Take your contract management security to the next level, with Autenti. Try free for 14 days, no credit card required.

Bonus: 15-point secure contract management audit checklist

  • Is there a designated owner to manage contract security?
  • Are legal, IT, and other stakeholders involved in the process from the start?
  • When it comes to contract storage: are contracts stored in a secure, centralized contract repository?
  • Is access to contracts role-based and granular, established per person per contract?
  • Are approval workflows automated, and is there version control?
  • Are audit trails enabled for all actions on contracts (view, edit, download)?
  • Is there an automated process for contract renewals and expirations?
  • Does your system prevent external sharing of contracts unless approved?
  • Are contracts encrypted both at rest and in transit?
  • Do you use identity verification (SSO, MFA) for internal and external signers?
  • Is every signed document timestamped, and is the signer’s identity verified?
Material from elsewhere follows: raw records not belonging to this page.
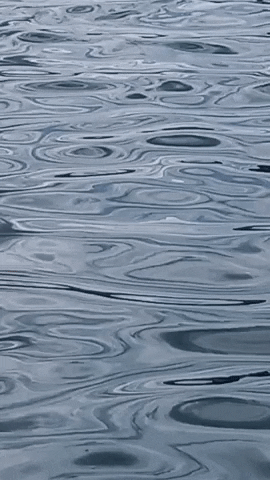 Simongip giphygifmaker GIF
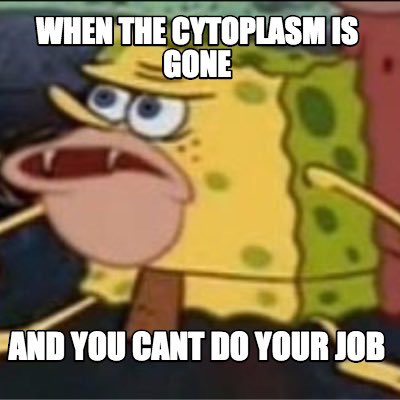 mayorcytoplasm's tweet photo. 👀👀 #CellvilleAllen2021 #Themainorganellesaresupportedbyandsuspendedinthecytoplasm https://t.co/vNqCTyM3KY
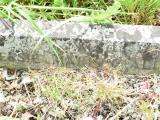 image of grave number 719670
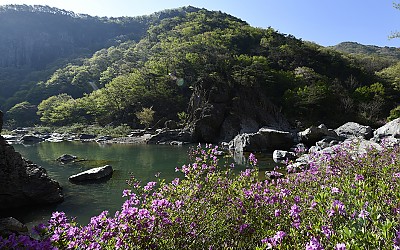 봄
  • Do you have DLP policies in place to prevent sensitive clauses from being shared externally?
  • Are abnormal access patterns (e.g., off-hours access, high-frequency downloads) detected and flagged?
  • Does your system integrate with your SIEM/SOC to provide broader security visibility?
  • Do you regularly test your contract security policies through red team exercises or vulnerability assessments?